* _Supplied material_
━━━━━━━━━━━━━━━━━━━━

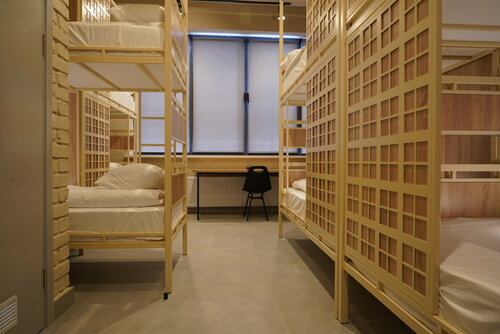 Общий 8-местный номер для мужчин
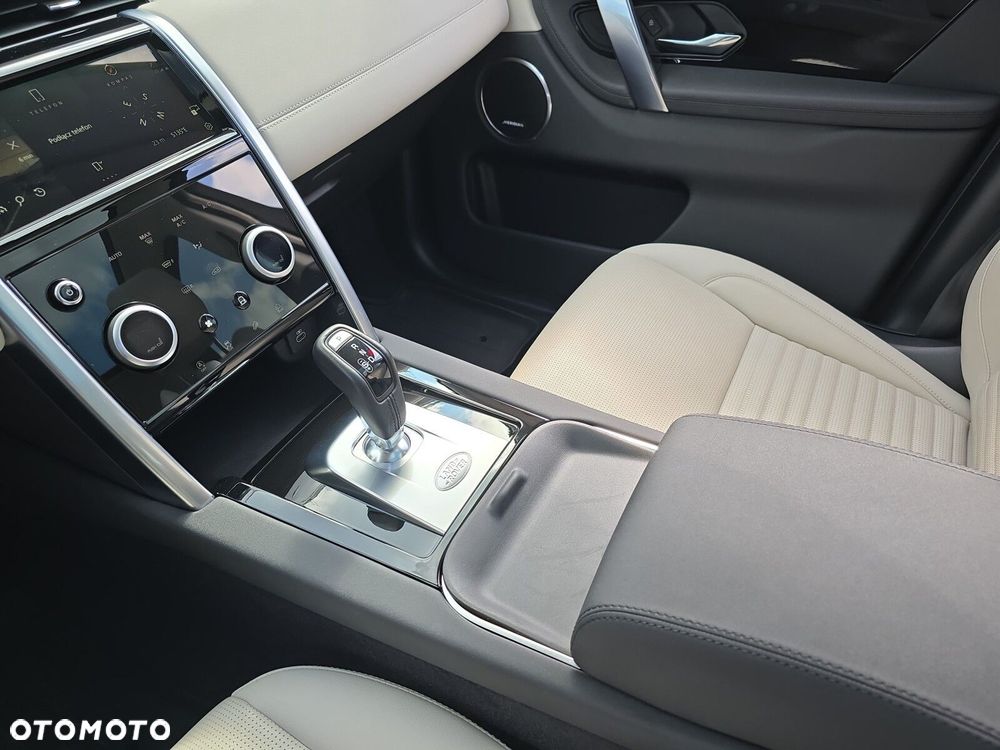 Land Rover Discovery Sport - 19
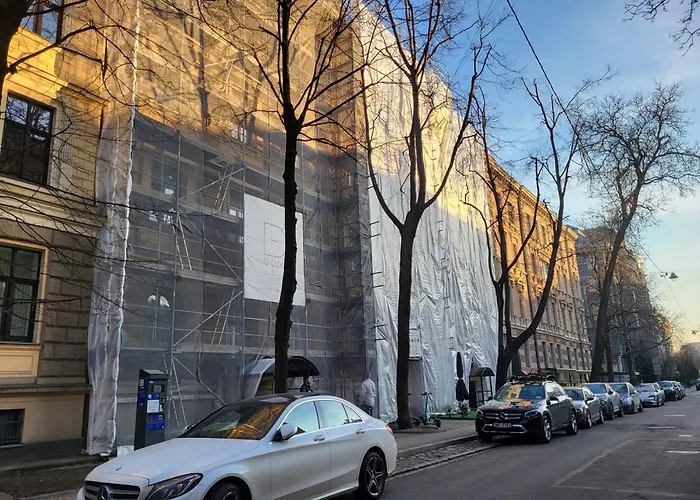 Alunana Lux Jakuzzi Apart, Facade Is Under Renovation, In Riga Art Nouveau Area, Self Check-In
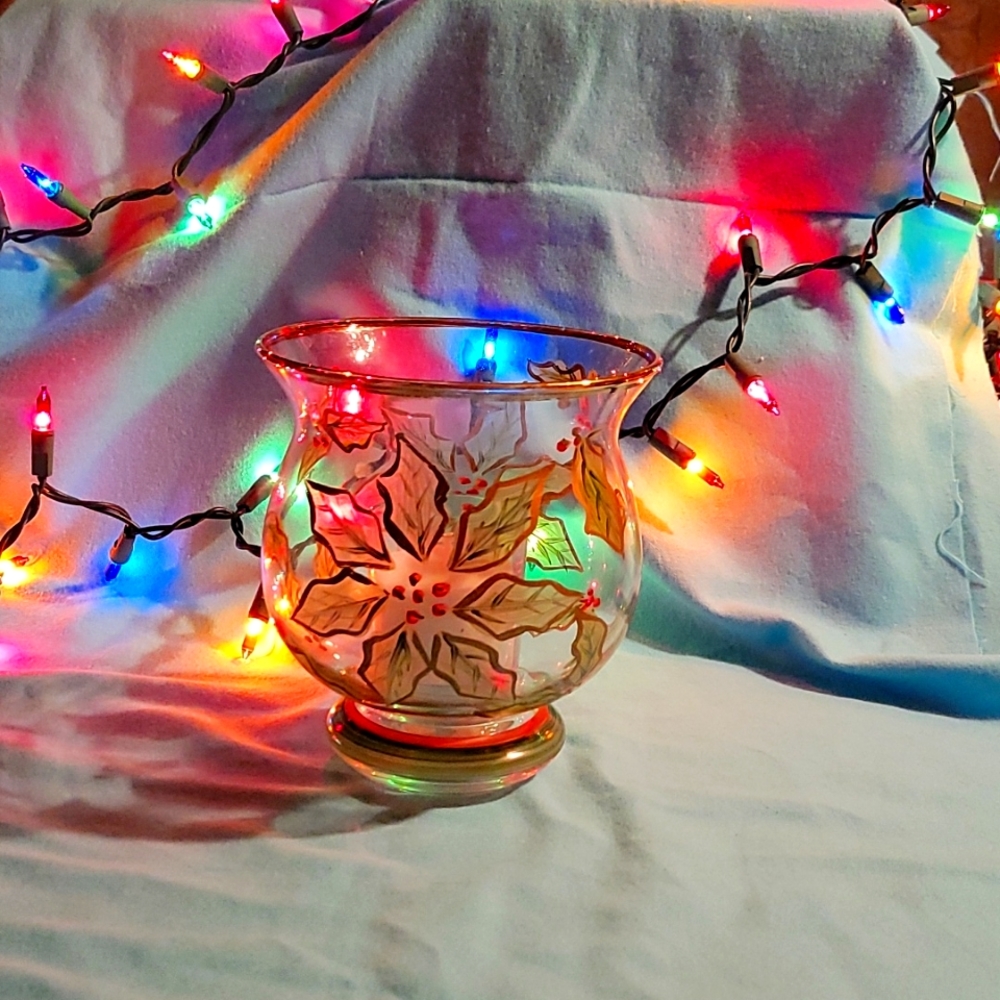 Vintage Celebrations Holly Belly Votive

━━━━━━━━━━━━━━━━━━━━

* _What the task asks_
Could you return exactly the lines starting with the one that contains "Alunana Lux Jakuzzi" and ending with the last line of the data above? Leave the pictures out.

* _Written response_
 Alunana Lux Jakuzzi Apart, Facade Is Under Renovation, In Riga Art Nouveau Area, Self Check-In
 Vintage Celebrations Holly Belly Votive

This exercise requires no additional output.